Modestamente pergunto: que necessidade tem um juiz, que é suposto ser pessoa idónea e de bem, que necessidade tem a criatura de se meter em futebóis e venda de favores judiciais?
Este sr. dr. juiz sempre me soou um bocadito a falso...
mas isto sou eu que tenho mau feitio.
Bom dia
DNO
Sem imagem de perfil

De Anónimo a 31.01.2018 às 14:16

GANÂNCIA, infelizmente...
Imagem de perfil

De Pedro Correia a 31.01.2018 às 16:54

Alegada ganância.
Imagem de perfil

De Pedro Correia a 31.01.2018 às 16:56

Um magistrado em exercício de funções devia estar inibido de se candidatar à presidência de um clube de futebol. Tal como à liderança de um partido político.
Mas parece que não existe qualquer problema.
Imagem de perfil

De Beia Folques a 31.01.2018 às 15:33

É chocante esta prerrogativa aos magistrados Judiciais. O nosso país é prolifero em leis feitas à medida, mais um exemplo que a nossa justiça não é igual para todos.
Imagem de perfil

De Pedro Correia a 31.01.2018 às 16:56

Temos centenas de exemplos que ferem o princípio constitucional da igualdade entre cidadãos.
Direi mesmo: milhares.
Sem imagem de perfil

De Vlad, o Emborcador a 31.01.2018 às 15:42

Está desvendado outro misterioso :

"Passos Coelho poderá estar a caminho do mundo empresarial: uma das quatro maiores empresas de auditoria e consultoria que operam em Portugal ou empresas da área industrial com enfoque nas exportações."

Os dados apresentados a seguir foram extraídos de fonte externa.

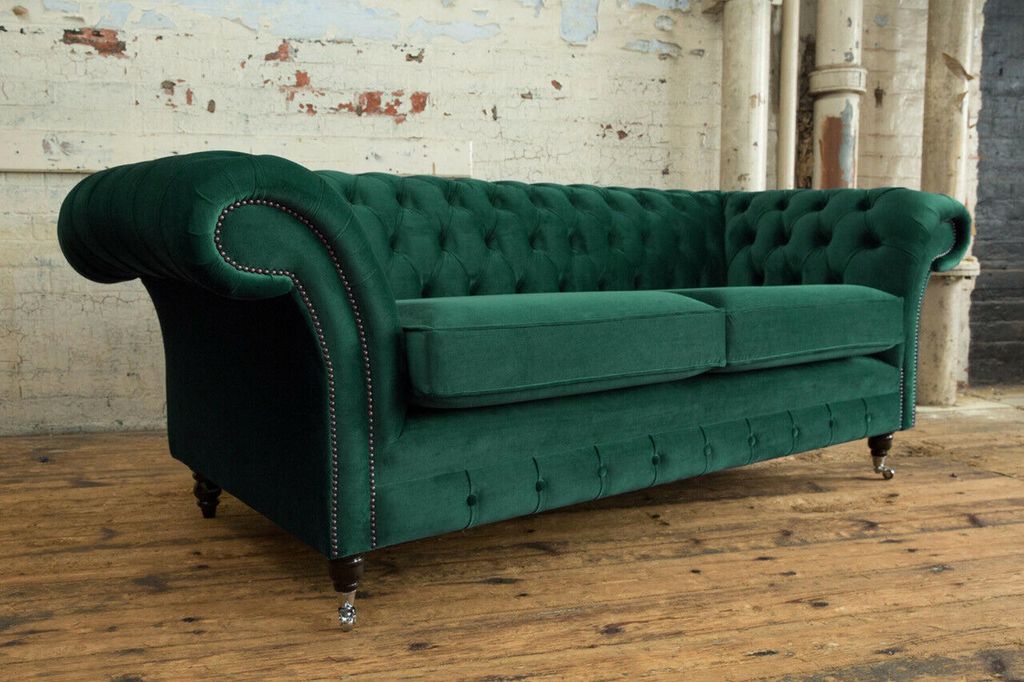 Sofa 3 Sitzer Couch Chesterfield Polster Sitz Garnitur Leder Textil design Samt
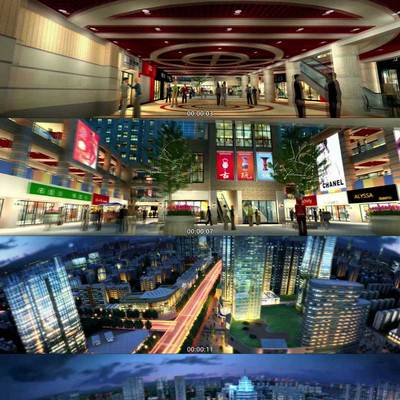 城市夜景 商业街 城市交通繁华都市3D动画三维漫游宣传片视频素材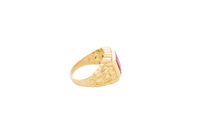 14KT Gold Ring Men's Red Square CZ Stone Nugget Border Side Design Nugget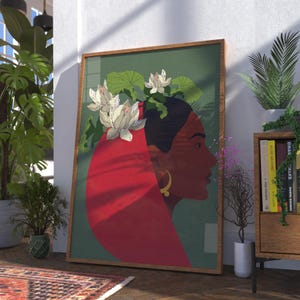 African Woman Wall Art Printable, Botanical Afrocentric Digital Poster, Empowering Feminine Silhouette, Modern Boho Home Decor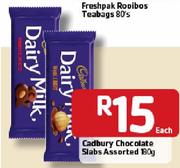 Cadbury Chocolate Slabs Assorted - 180g Each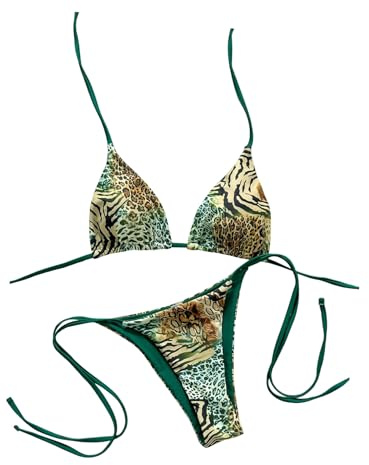 GORGLITTER Bikini damset leopard badmode bikiniöverdel och bikinibyxor, kaki, L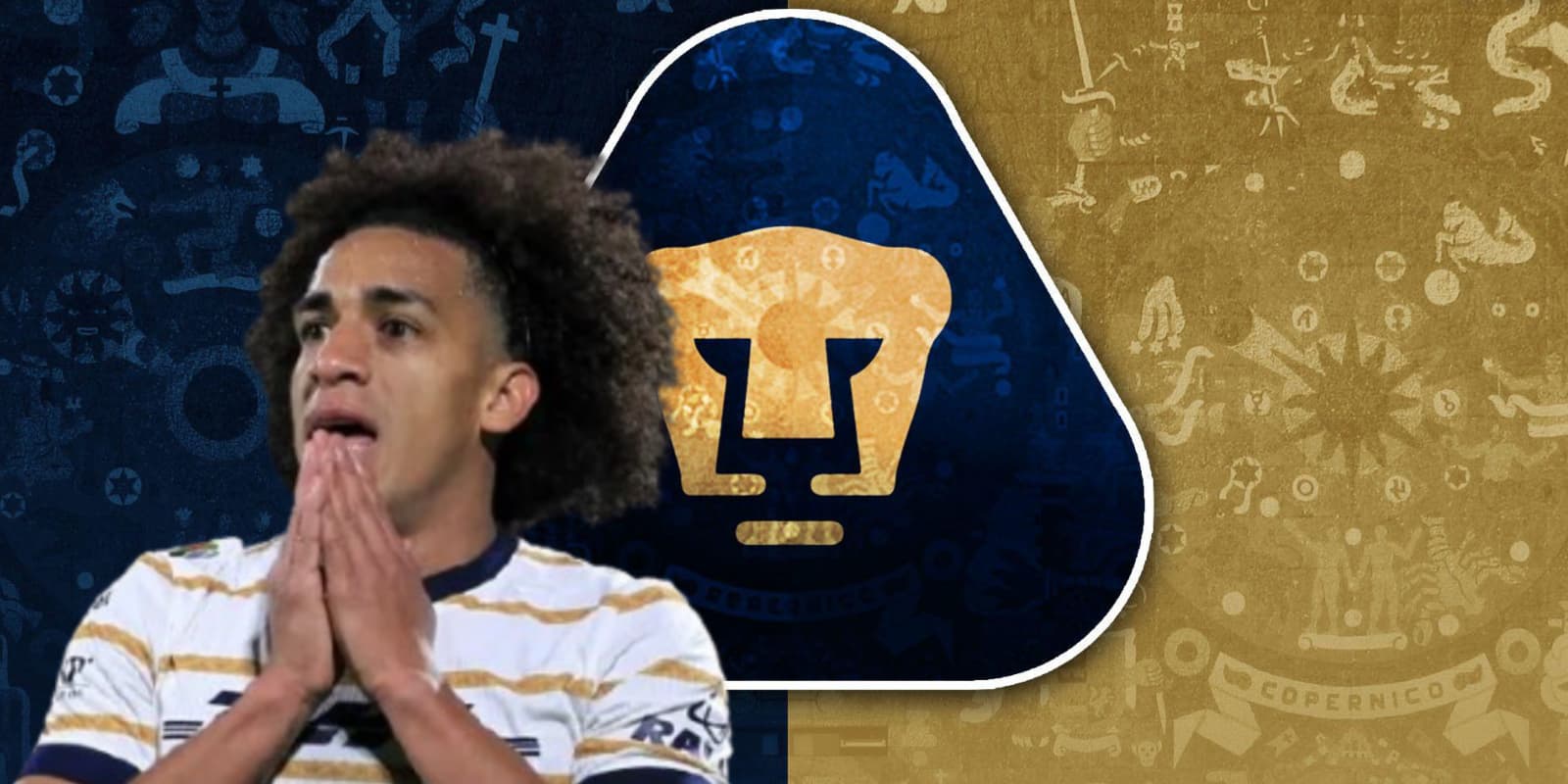 Adalberto Carrasquilla junto al escudo de Pumas / FOTO TVN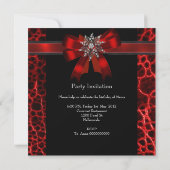 Elegant Birthday Party Black Red Bow Jewel Kaart (Achterkant)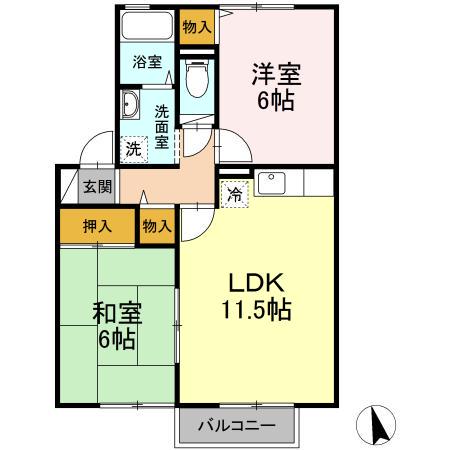 ロワジールIII番館(2LDK/2階)の間取り写真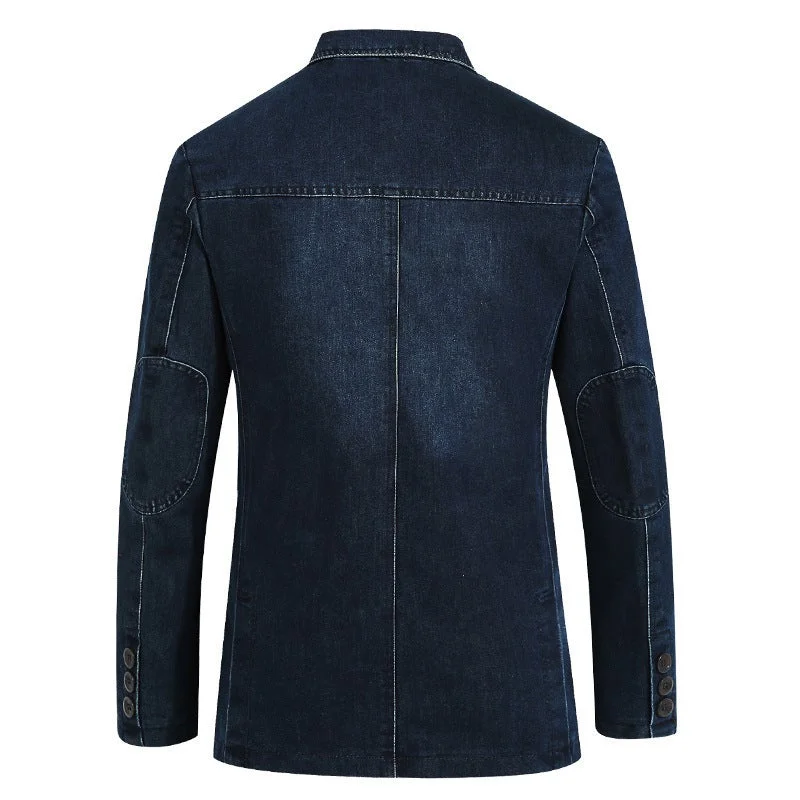 Men's Denim Coat Suit Lapel Pocket Jacket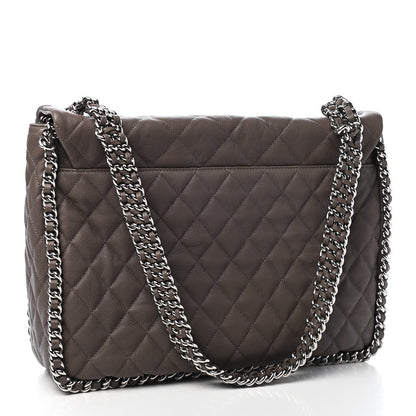 Chanel Washed Lambskin Quilted Chain Around Maxi Flap Brown 3 of 9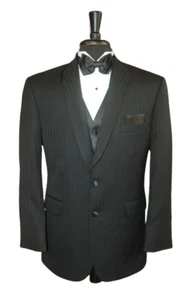 Very Nice D.J. Black 2 button European Shawl Striped Tuxedo Wool Coat TUXXMAN - Picture 1 of 6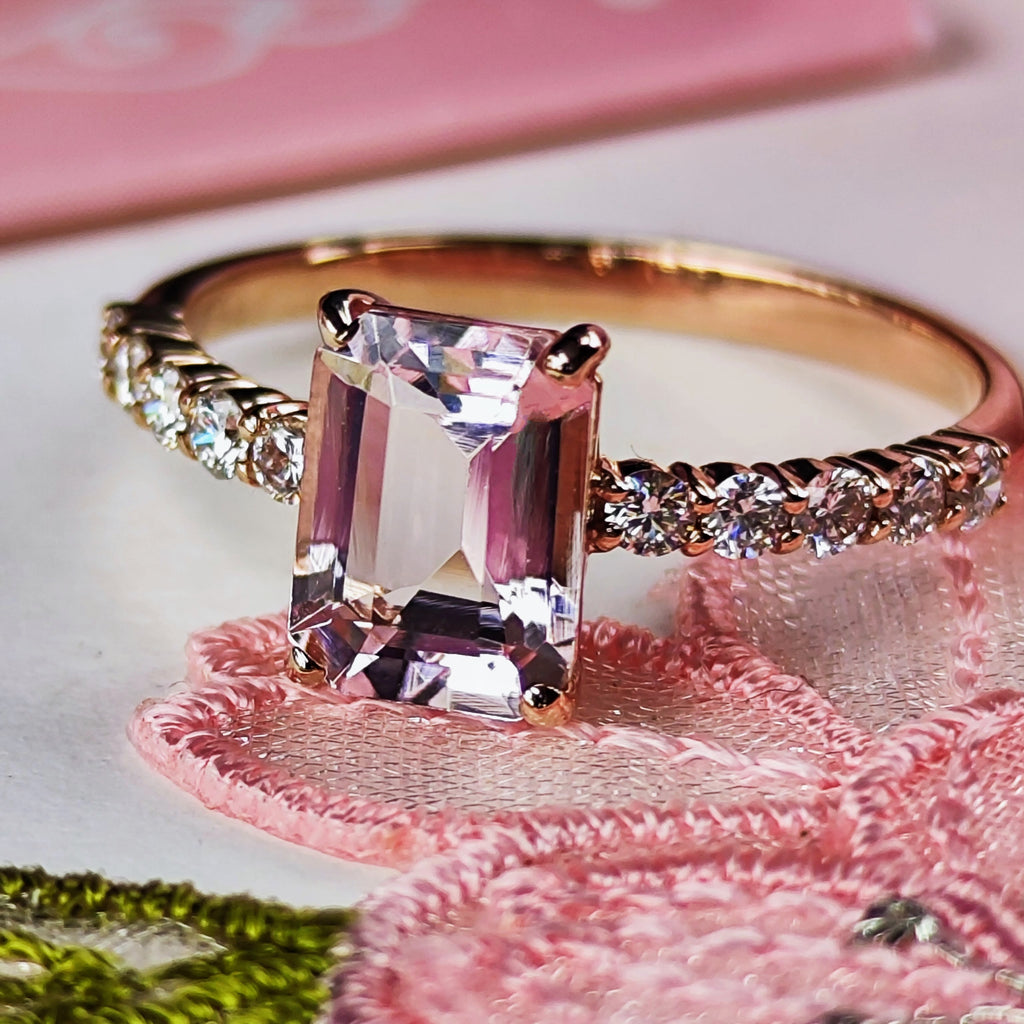 天然モルガナイト 1.30ct 天然ダイヤモンド リング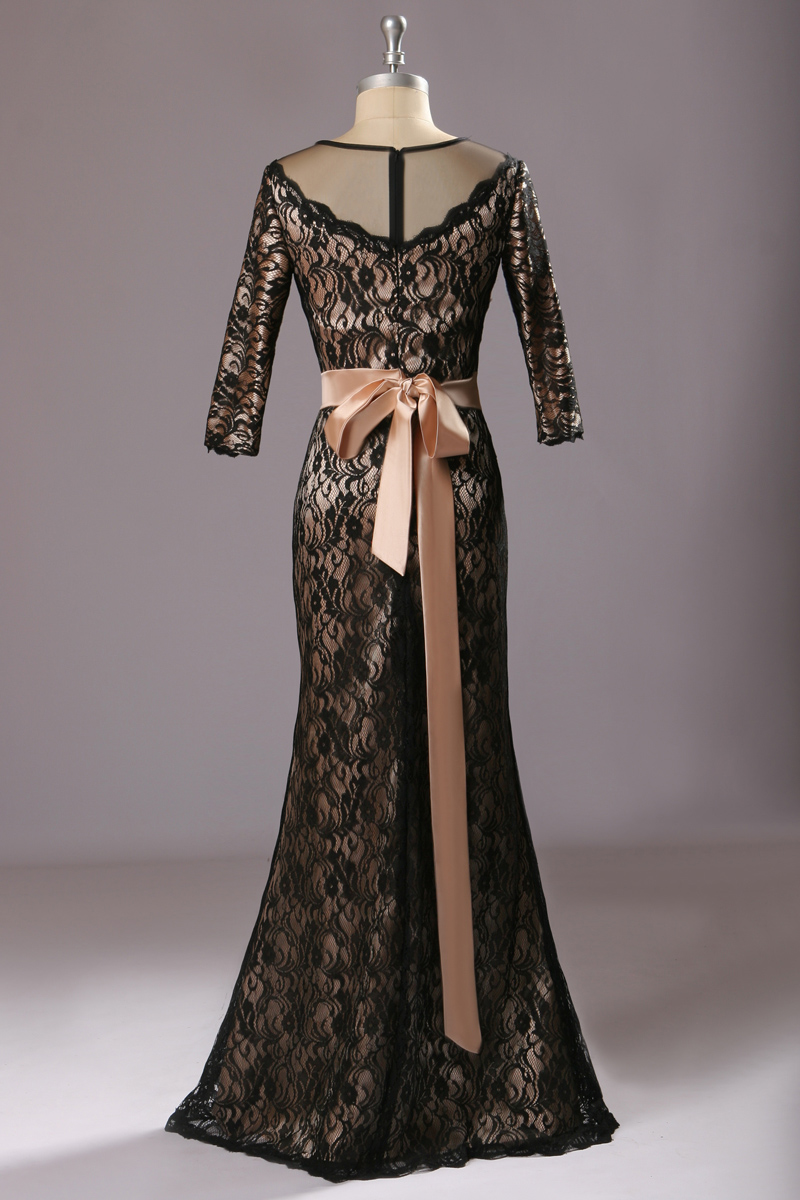 Sheath/Columnn Scoop Floor-length Lace Evening Dress - Thumbnail 5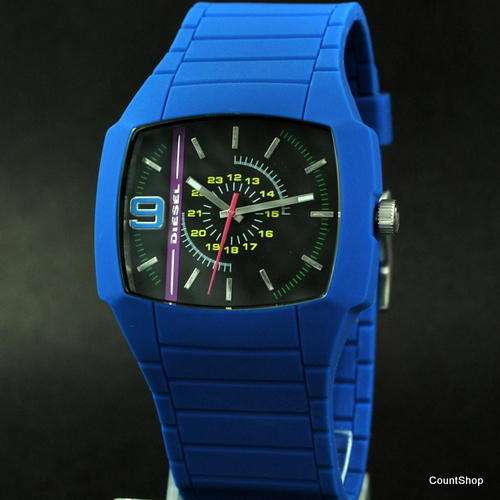 Diesel Black Dial, Blue Silicon Strap Watch DZ1323 |NEW
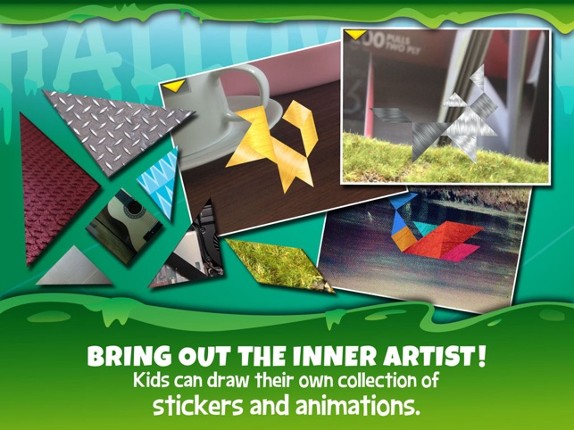 Kids Learning Puzzles: Halloween - Tangram Building Blocks Make Your Brain Pop screenshot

Deve ser para alguma daquelas que lixaram o Estado nas PPP's, como a Ernst & Young
Imagem de perfil

De Pedro Correia a 31.01.2018 às 16:47

Tem tudo a ver. As escandalosas imunidades de que gozam os magistrados judiciais e um boato ou rumor a propósito do ex-primeiro-ministro (com fundamento em notícias à portuguesa: Fulano de Tal "poderá estar a caminho" de Algures ou de Nenhures).
Sem imagem de perfil

De Vlad, o Emborcador a 31.01.2018 às 16:53

Pedro estava no gozo....depois da Lex, ouvi dizer que, vem aí a Operação Leo....antes ao Leo que aos joelhos. ....operação chata....esta
Imagem de perfil

De Pedro Correia a 06.02.2018 às 08:11

Operação Leo? Espero que não tenha nada a ver com o Sporting.
Sem imagem de perfil

De JPT a 01.02.2018 às 11:38

De facto, ele há cada maluco! Em vez de ir trabalhar, o Passos devia era ir estudar Ciência Política para Paris, e viver de empréstimos de um amigo.
Sem imagem de perfil

De Vlad, o Emborcador a 01.02.2018 às 18:34

Não era grande a coisa gerida antes de Passos tomar as rédeas governamentais
Sem imagem de perfil

De vargas a 31.01.2018 às 15:56

Mal seria se a Lei não protegesse os que dela fazem vida. Ainda há dias um digníssimo ex-bastonário da ordem dos advogados e hoje eurodeputado defendeu que o ex-vice presidente de Angola deveria ser tratado de forma diferente perante a justiça portuguesa, pois "não se trata de um Angolano qualquer". Isto dito por alguém que supostamente fez/faz vida a defender a Lei e aplicação da mesma de forma justa perante "qualquer" cidadão, se não é caricato é no mínimo patético.
Imagem de perfil

De Pedro Correia a 31.01.2018 às 16:57

Esse tal é um vulto verdadeiramente exemplar, como sabemos.
Será que já se consegue orientar com cinco mil euros mensais?
https://www.publico.pt/2014/09/16/politica/noticia/marinho-e-pinto-diz-que-salario-dos-deputados-e-baixo-1669872
Sem imagem de perfil

De Anónimo a 31.01.2018 às 18:45

é sobretudo assustador...!
Sem imagem de perfil

De Makiavel a 31.01.2018 às 16:02

A presunção de inocência, ferozmente exigida quando se trata de alguém de quem se gosta, é atirada às malvas quando se trata de alguém de quem não se gosta.
Imagem de perfil

De Pedro Correia a 31.01.2018 às 16:45

Você esmaga, tritura e viola a presunção da inocência?
Acho isso péssimo.
Sem imagem de perfil

De Makiavel a 31.01.2018 às 16:48

Nah! E mesmo que fizesse algo parecido, nunca seria por essa ordem.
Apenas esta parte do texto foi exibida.